* Activity *
Set down only these lines, exactly: the line containing "Now I'll speak" and all lines through the end of the data below. Omit pictures.

* Dataset section *
..............................

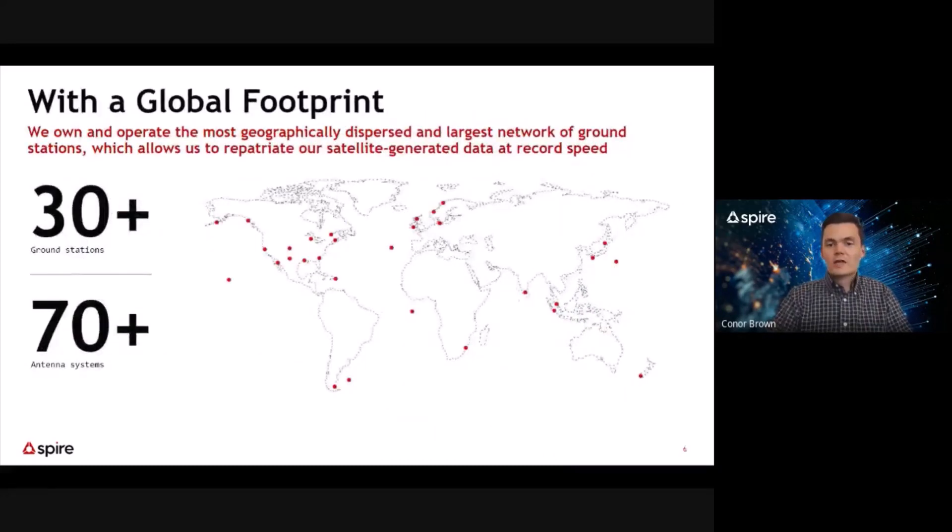In addition to the 110-plus satellites in low-Earth orbit, we also operate a distributed ground station network of over 30 dedicated ground stations and 70-plus antenna systems. As you can see on the map pictured on this slide, we do our best to globally distribute these ground stations to maximize downlink opportunities. We also use these ground stations to send software configuration updates and to command and control the constellation.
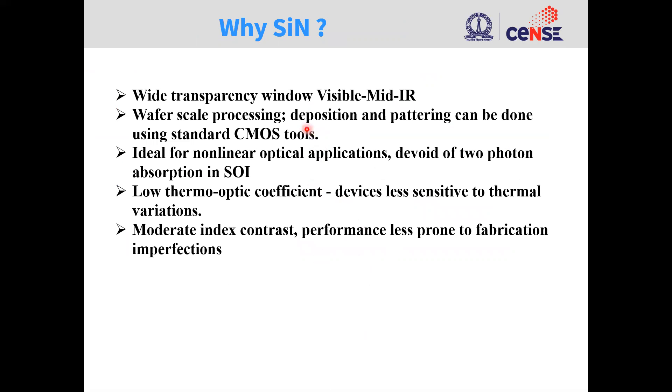Now I'll speak about why we are interested in silicon nitride. It has a wideband transparency window from visible to mid-IR. It is also compatible with CMOS processing. It is ideal for nonlinear optical applications given that silicon nitride is devoid of two-photon absorption. It has a low thermo-optic coefficient, which means that devices are less sensitive to thermal fluctuations. Also, the moderate index contrast means that device performance is less prone to fabrication imperfections.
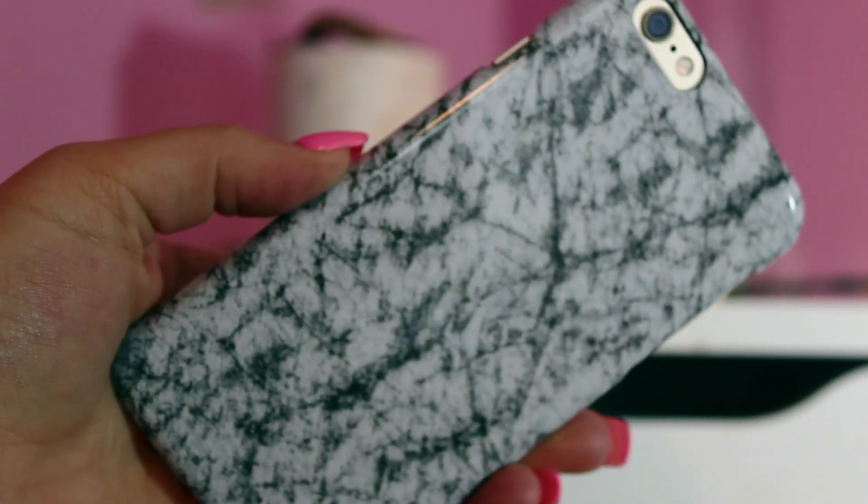And then I also got this phone case from Target — it was on sale for $5. If you follow me on Instagram, I posted a picture with it. So yeah, that's where I got it. If you want it, get it now because they're probably almost all out.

..............................

* Output *
Now I'll speak about why we are interested in silicon nitride. It has a wideband transparency window from visible to mid-IR. It is also compatible with CMOS processing. It is ideal for nonlinear optical applications given that silicon nitride is devoid of two-photon absorption. It has a low thermo-optic coefficient, which means that devices are less sensitive to thermal fluctuations. Also, the moderate index contrast means that device performance is less prone to fabrication imperfections.
And then I also got this phone case from Target — it was on sale for $5. If you follow me on Instagram, I posted a picture with it. So yeah, that's where I got it. If you want it, get it now because they're probably almost all out.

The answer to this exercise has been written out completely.